Given data Block Start

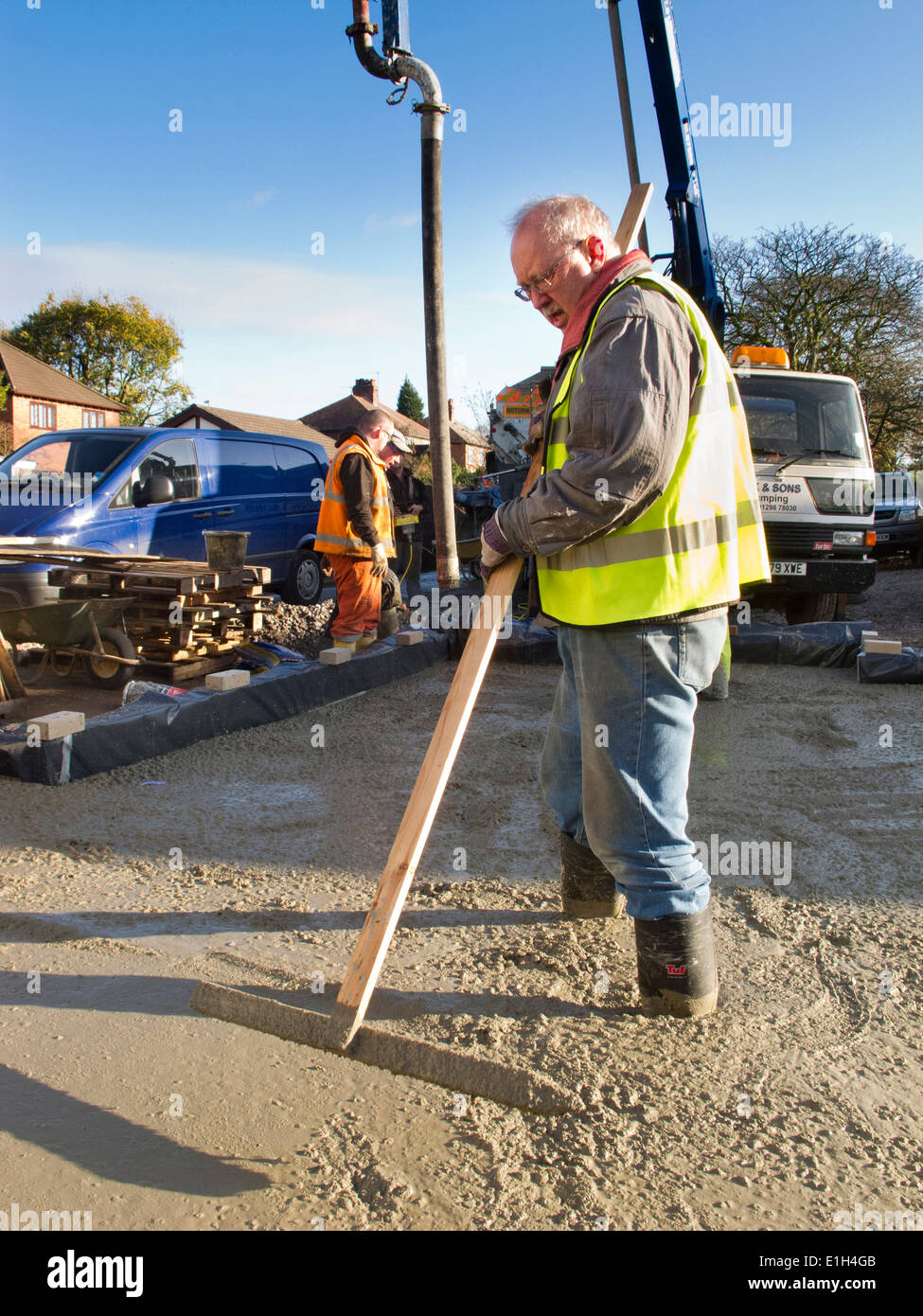 self building house, man tamping freshly poured concrete floor slab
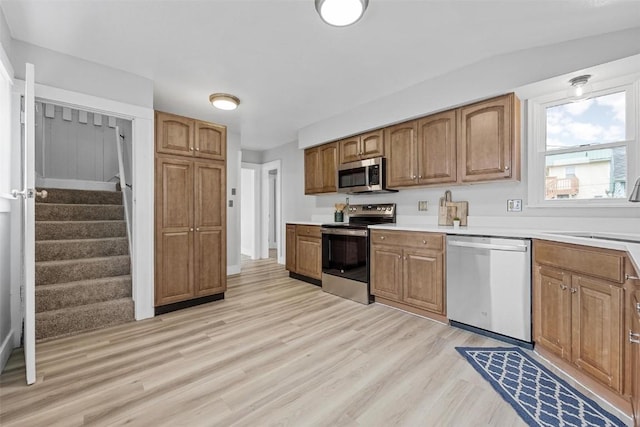 kitchen with sink, light wood-type flooring, and appliances with stainless steel finishes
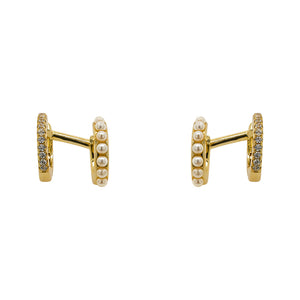 
                  
                    Load image into Gallery viewer, One pair of 14 kt yellow gold vermeil double ear hugger ear cuffs. Adorned with pearls on one side and crystals on the other. Displayed front facing on a marble background.
                  
                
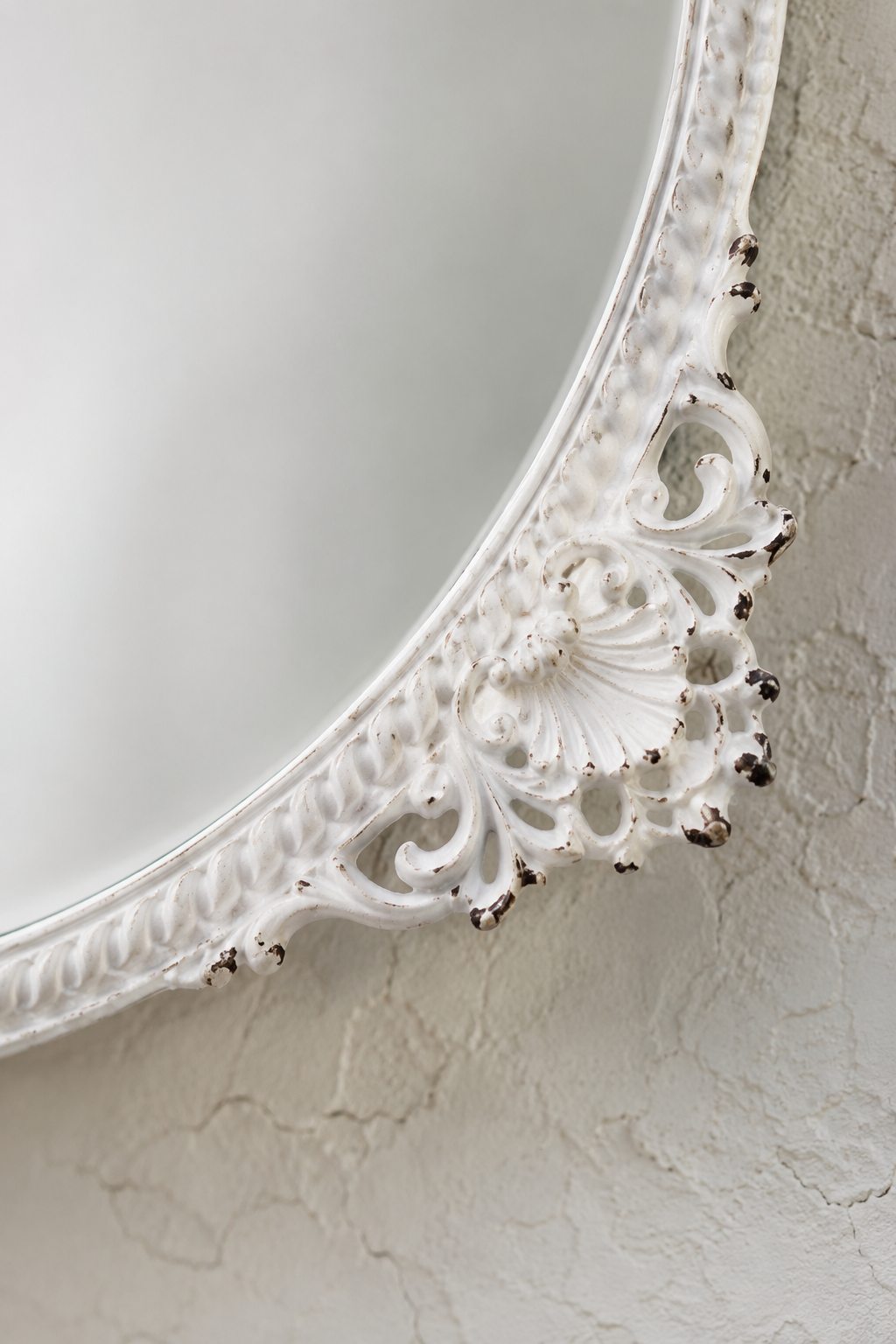 Détail macro de la ferronnerie blanc vieilli au bas du cadre de l'ovale baroque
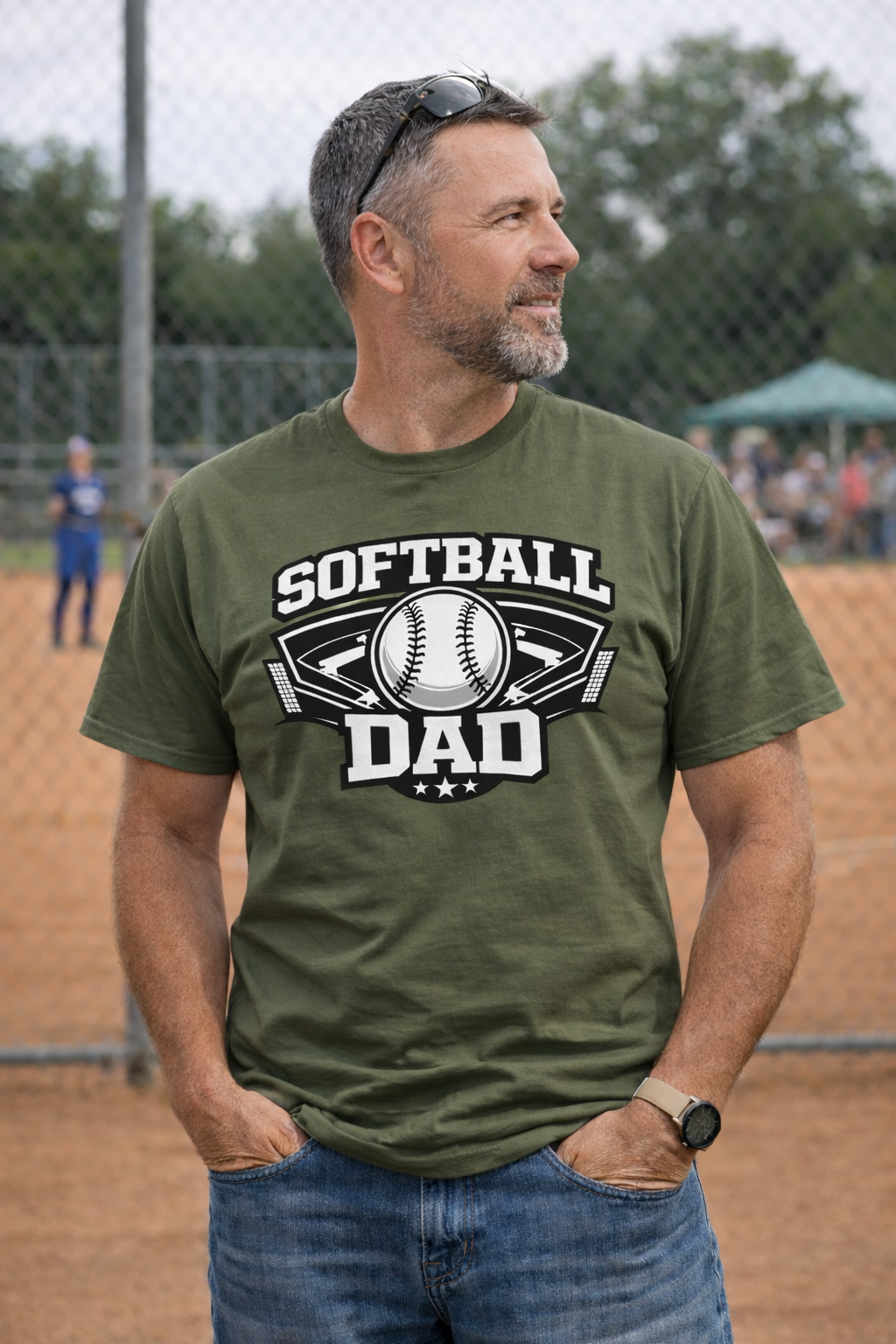 Man wearing a green 'Softball Dad' t-shirt on a sports field.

Given data Block End

● Aim of the exercise:
A faithful copy of the entries above is needed, one that contains no images.

● Solution to this task:
 self building house, man tamping freshly poured concrete floor slab
 kitchen with sink, light wood-type flooring, and appliances with stainless steel finishes
                  
                    Load image into Gallery viewer, One pair of 14 kt yellow gold vermeil double ear hugger ear cuffs. Adorned with pearls on one side and crystals on the other. Displayed front facing on a marble background.
                  
                
 Détail macro de la ferronnerie blanc vieilli au bas du cadre de l'ovale baroque
 Man wearing a green 'Softball Dad' t-shirt on a sports field.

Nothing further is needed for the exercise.